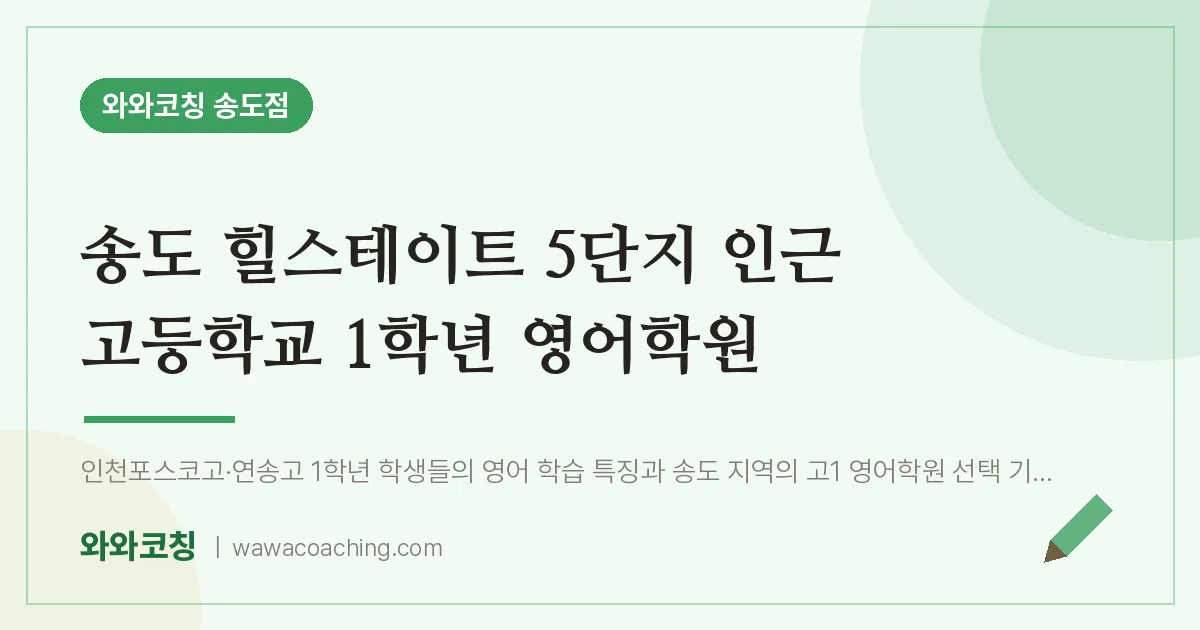 연수구 송도동 고1 영어학원 (송도 힐스테이트 5단지 인근 고등학교) | 와와학습코칭 송도점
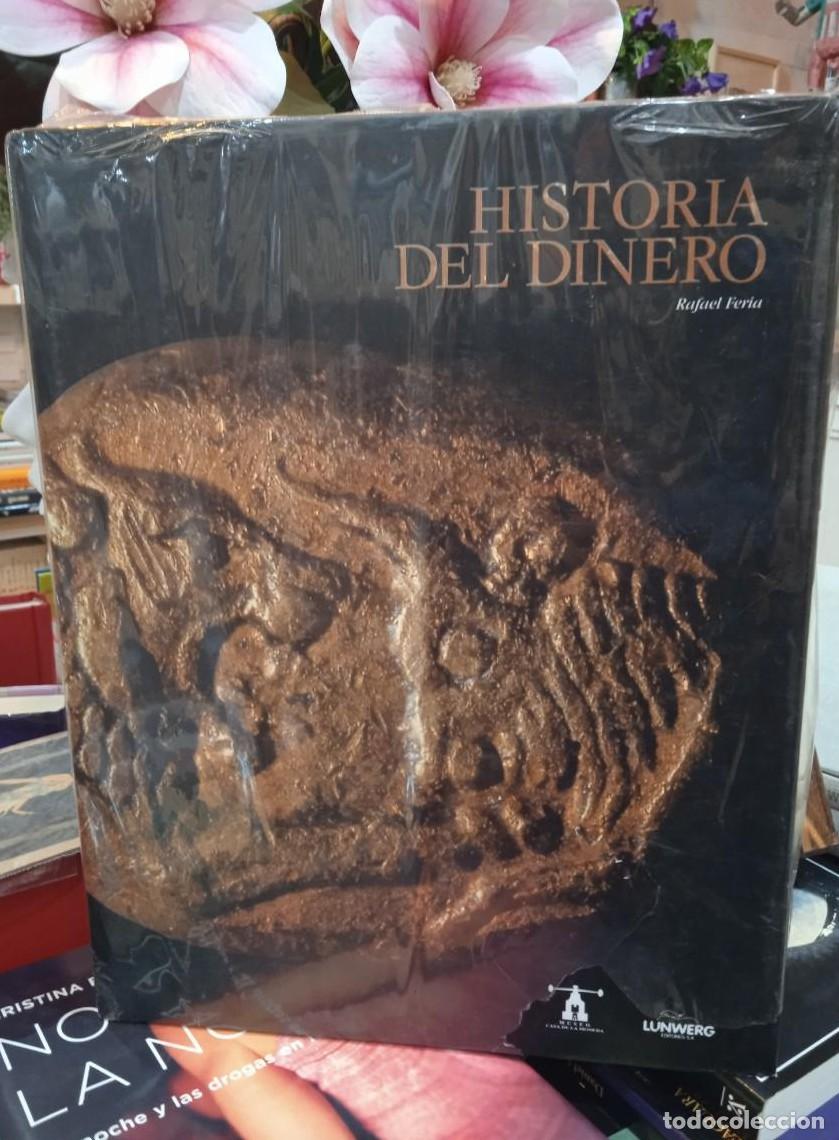 Libros: HISTORIA DEL DINERO -RAFAEL FERIA - - Foto 1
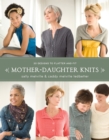 Mother-Daughter Knits - eBook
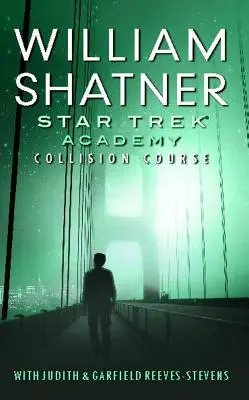 Star Trek : Academy : Collision Course - Star Trek: Academy: Collision Course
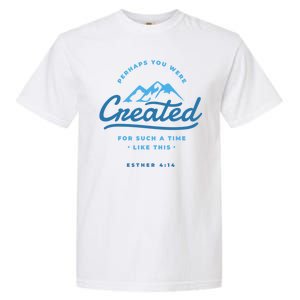 Perhaps You Were Created Bible Verse Garment-Dyed Heavyweight T-Shirt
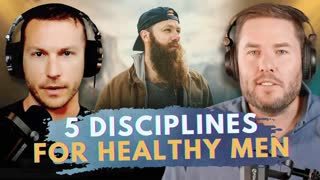5 Disciplines Of A Healthy, Biblical Man w/ Dustin Alley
########################################
=== Exercise directions ===
Print the lines from the line with "Mother-Daughter Knits - eBook" to the end of the data above. Include both ends, exclude the pictures, and add nothing else.

=== Response to the task ===
 Mother-Daughter Knits - eBook
 Star Trek : Academy : Collision Course - Star Trek: Academy: Collision Course
 Perhaps You Were Created Bible Verse Garment-Dyed Heavyweight T-Shirt
5 Disciplines Of A Healthy, Biblical Man w/ Dustin Alley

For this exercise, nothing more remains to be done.